# [What to work on]
Please copy every record below exactly and leave out the pictures.

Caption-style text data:
....

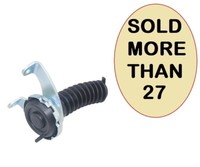 FüR Mitsubishi L200 Pick Up 2.5TD/2.8TD/3.0P Vorne Diff Schloss Magnet Antrieb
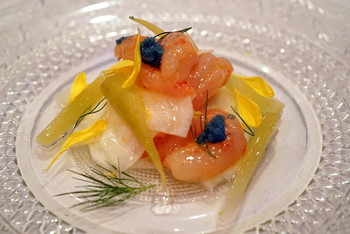 「ヘイゼル・グラウスマナー」 料理 89006160 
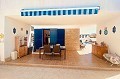 Lovely 3 Bedroom 2 Bathroom Villa in Las Kalendas, Fortuna. in Alicante Dream Homes API 1122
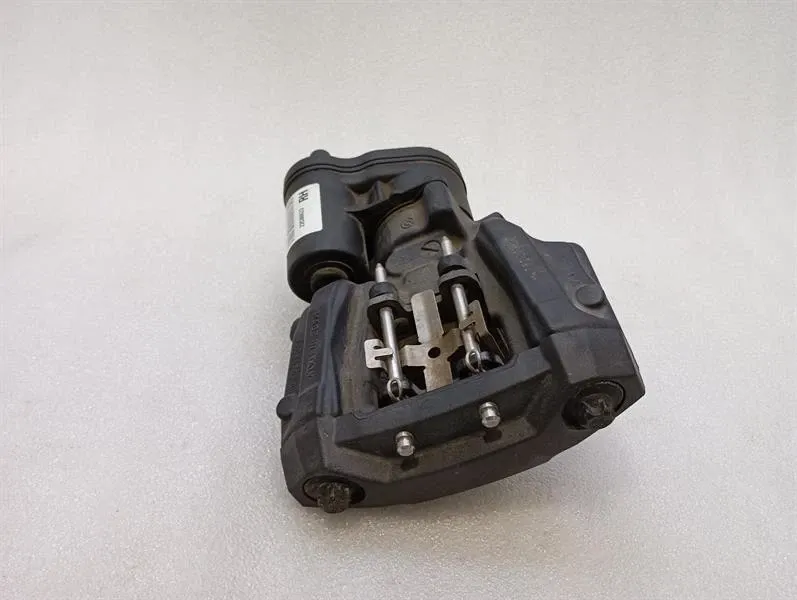 Ferrari Roma F169 Right Rear Caliper 339252 Parking Brake Caliper Rear Right-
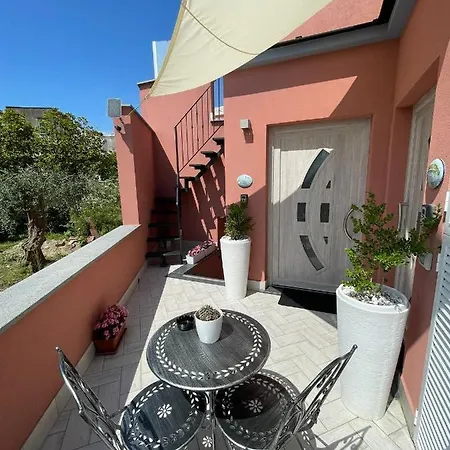 La Lingua 4*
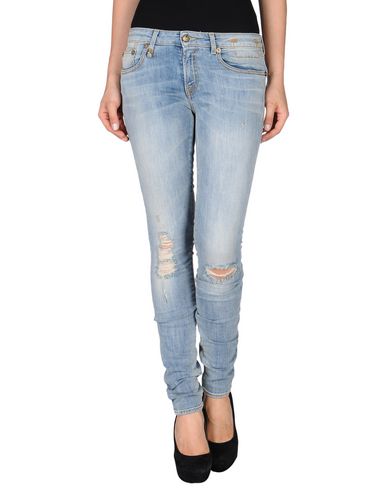 ZOOM R13 - Denim pants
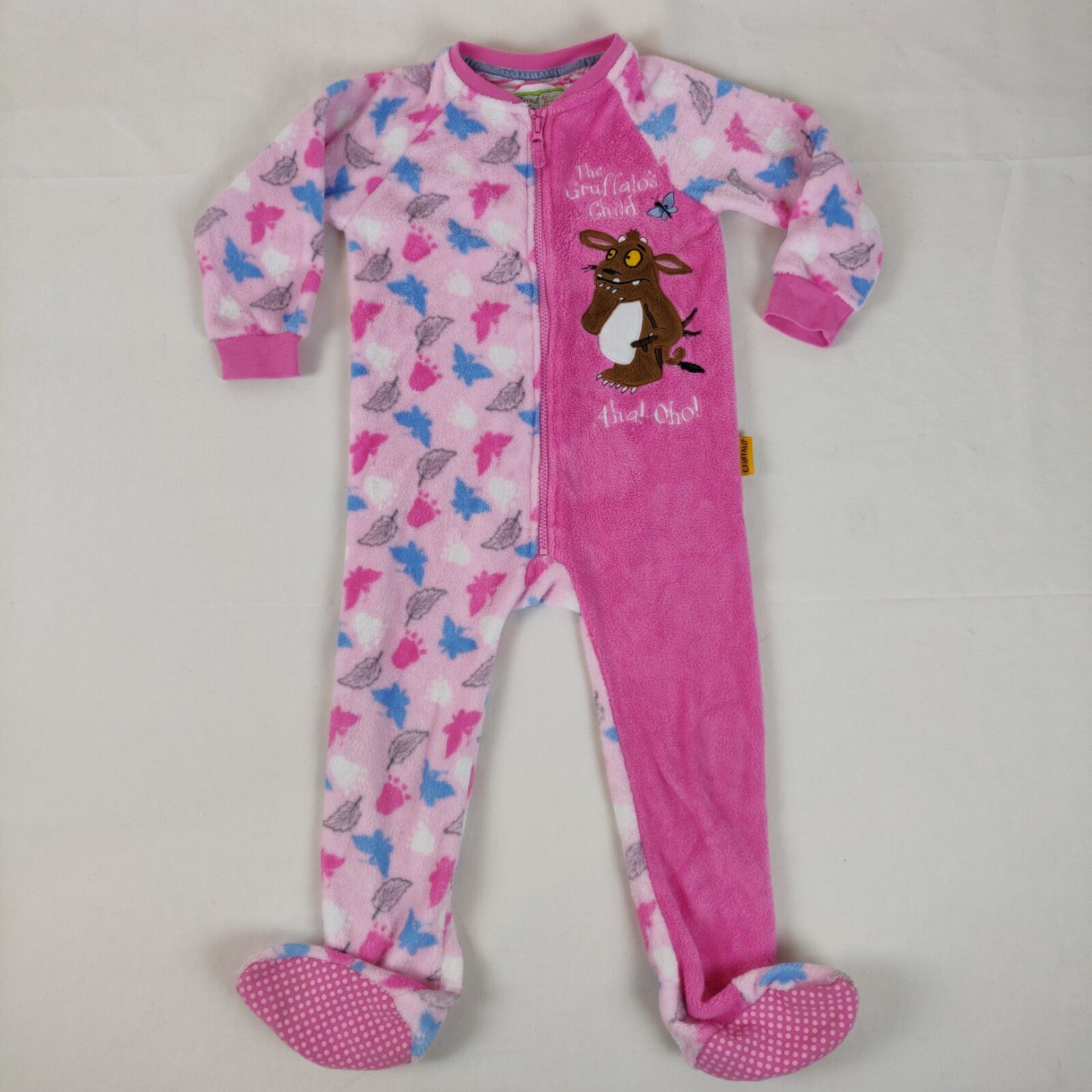 Pyjama 1 pièce - The Gruffalo - 4A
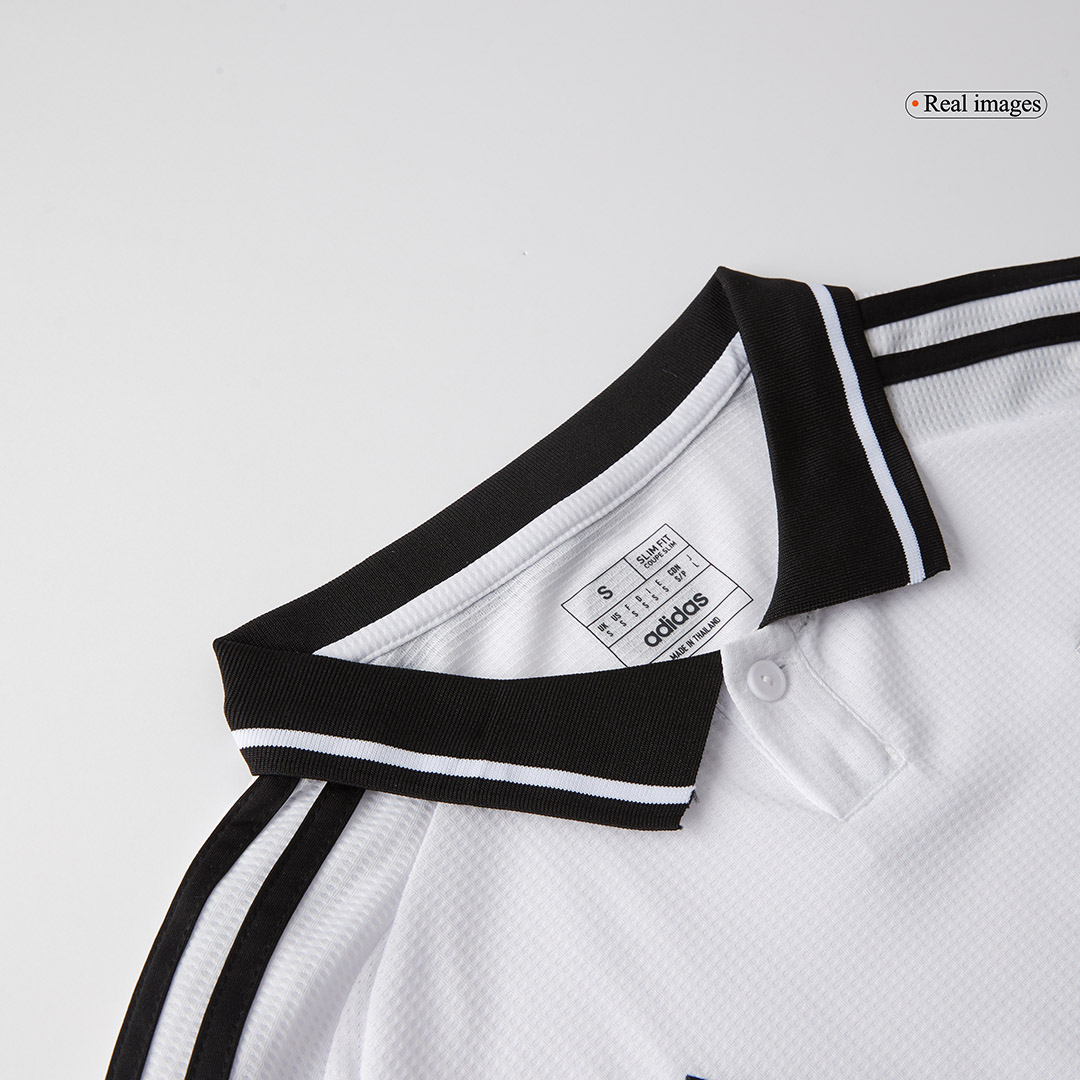 Fulham Home Soccer Jersey 2024/25 - Image 7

....

# [Answer box]
 FüR Mitsubishi L200 Pick Up 2.5TD/2.8TD/3.0P Vorne Diff Schloss Magnet Antrieb
 「ヘイゼル・グラウスマナー」 料理 89006160 
 Lovely 3 Bedroom 2 Bathroom Villa in Las Kalendas, Fortuna. in Alicante Dream Homes API 1122
 Ferrari Roma F169 Right Rear Caliper 339252 Parking Brake Caliper Rear Right-
 La Lingua 4*
 ZOOM R13 - Denim pants
 Pyjama 1 pièce - The Gruffalo - 4A
 Fulham Home Soccer Jersey 2024/25 - Image 7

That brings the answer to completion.